ACEH sudah sering diposisikan sebagai negeri syariat, konsekwensi itu juga menuntut daerah ini bersih dari berbagai tindak maksiat. Tetapi, itu hanya keinginan dan cita-cita yang tidak bisa seratus persen terlaksana. Ada sisi-sisi gelap Aceh yang jarang muncul ke permukaan dalam kehidupan nyata orang-orang di negeri ini. Entah itu bersembunyi atau sengaja ditutup-tutupi karena menjadi nista dari negeri berjuluk serambi mekah ini.
Coba anda buka mata. lihat kehidupan 'lain' di luar keagungan negeri Aceh. Anda akan terkejut, ada sisi lain yang luput dari perhatian kita. Prostitusi terselubung di Aceh justru sudah masuk kategori mengkhawatirkan. Betapa tidak, di saat aturan begitu ketat diberlakukan untuk urusan penyelewengan syahwat justru semakin banyak pelanggaran dan praktik tersembunyi dari bisnis syahwat di Aceh.
Ketika para pengagum gaya hidup bebas, merasa terjepit dengan aturan dan ancaman hukum jika kedapati berbuat mesum, maka banyak cara mereka lakukan untuk tetap menikmati hidup di wilayah 'basah' itu. Dulu, kita jarang mendapati orang-orang melepas syahwat di dalam mobil sambil melaju di keheningan malam di pusat kota Banda Aceh, namun model-model seperti itu saat ini sudah sering didapat. Jika sedang sial, ada saja warga yang memergoki mereka ketika terpaksa berhenti dalam kesunyian di ujung jalan. Ganjarannya sudah pasti dibal-bal sebelum diserahkan ke pihak berwenang.
Sisi gelap Aceh, jika ditelusuri dengan serius maka anda akan mendapati hal itu dengan ketidakpercayaan. Itu sah saja, apalagi anda yang selama ini tertutup dengan kehidupan malam di negeri ini. Sisi gelap Aceh, memang tidak mengalahkan besarnya pamor negeri yang berbudaya dan bersyariat ini.
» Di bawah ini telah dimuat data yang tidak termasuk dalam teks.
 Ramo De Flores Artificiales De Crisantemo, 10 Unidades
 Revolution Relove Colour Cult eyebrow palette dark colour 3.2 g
Tetapi setidaknya inilah potret Aceh masa kini, negeri yang semula tertutup tiba-tiba harus membuka diri dengan ketidaksiapan benteng moral.
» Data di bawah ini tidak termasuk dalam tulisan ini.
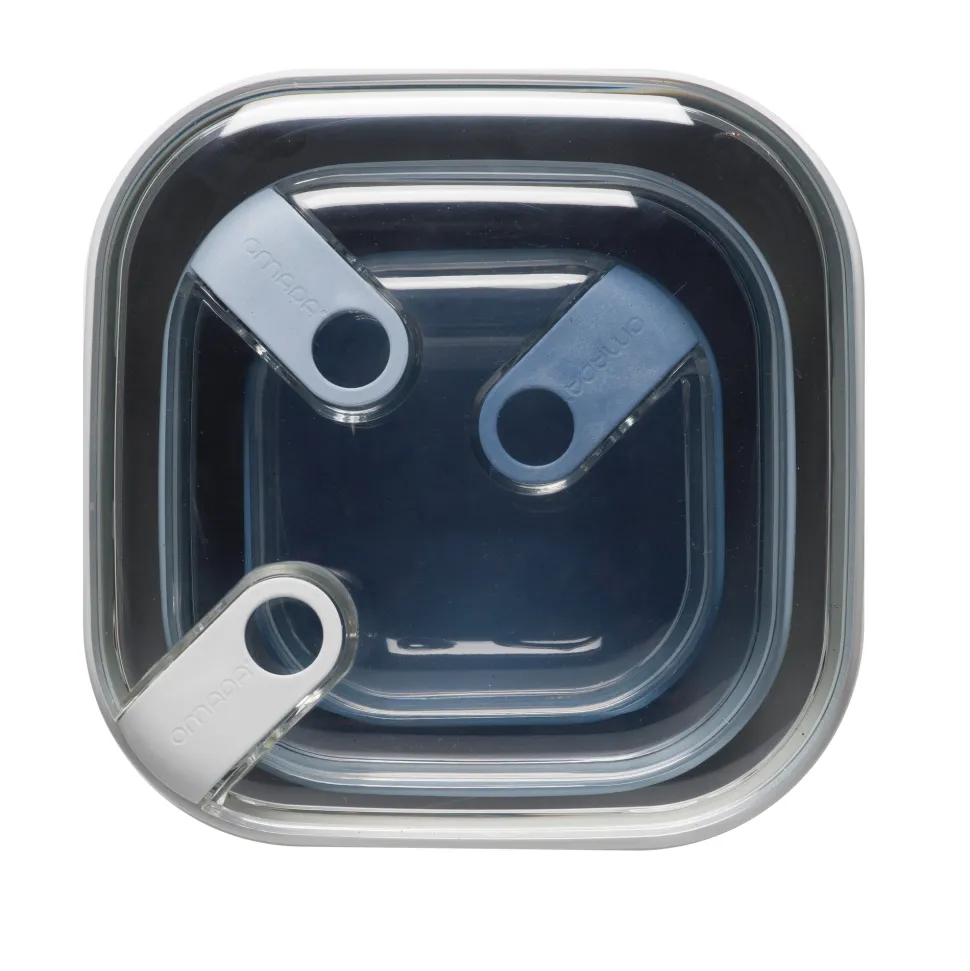 Lunchbox Omada Pull Box Vierkant Sky (3-Delig)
Tsunami tidak hanya menggerus gedung-gedung kokoh, rumah sebagai pelindung anak-anak remaja Aceh, tetapi proses rehabilitasi yang banyak melibatkan orang lintas etnis, suku, dan negara telah membuat sebagian anak-anak Aceh gelap mata. Gaya hidup yang tiba- tiba menuntut hedonis telah salah arah ditafsirkan. Sebagian orang di negeri ini tidak siap, terbelalak dengan keadaan. Lupa daratan lalu jalan di sisi gelap kehidupan.
Banyak faktor, orang terjebak di wilayah itu, wilayah yang semua orang menyebutnya hitam. Bisa saja karena faktor kemiskinan, gaya hidup, atau bahkan ketidaktahuan karena kurang pemahaman alias tidak sama sekali belajar norma-norma hidup sebagai orang timur. Tetapi, apapun alasannya, sering kita tidak pernah peduli kepada mereka yang terjebak di wilayah itu. Banyaknya, menghakimi, menyumpah serapahi, dan menutup mata dari kehidupan mereka yang seharusnya kita tarik dari wilayah itu.
Anda juga akan kaget, ratusan nama para penjaja jasa kenikmatan syahwat punya nama baik-baik yang terambil dari nama orang saleh di masa lalu. Kita bisa langsung mengenali mereka dari mana bermula. Mereka bermula dari gampong-gampong yang nekad membuka selubung kemiskinan dengan jalan yang keliru. bisa juga mereka yang hidup cukup tetapi salah jalan memanfaatkan kecukupannya itu.
Sudahlah, ini pekerjaan besar semua orang yang hidup di negeri Aceh. Jika sebuah yayasan menyebut mereka ada ratusan lebih bergerilia dalam gelap malam atau dijemput di rumah-rumah kost, menuju hotel-hotel teraman di Banda Aceh, maka itulah fakta adanya.
Mengangkat mereka dari jalan itu, tentu bukan perkara mudah. Namun demikian, langkah antisipasi agar tidak menjadi penyakit sosial yang akut perlu tetap dilakukan agar sisi gelap Aceh tidak bergerak menjadi 'gerhana' total yang membuat negeri ini benar-benar gulita.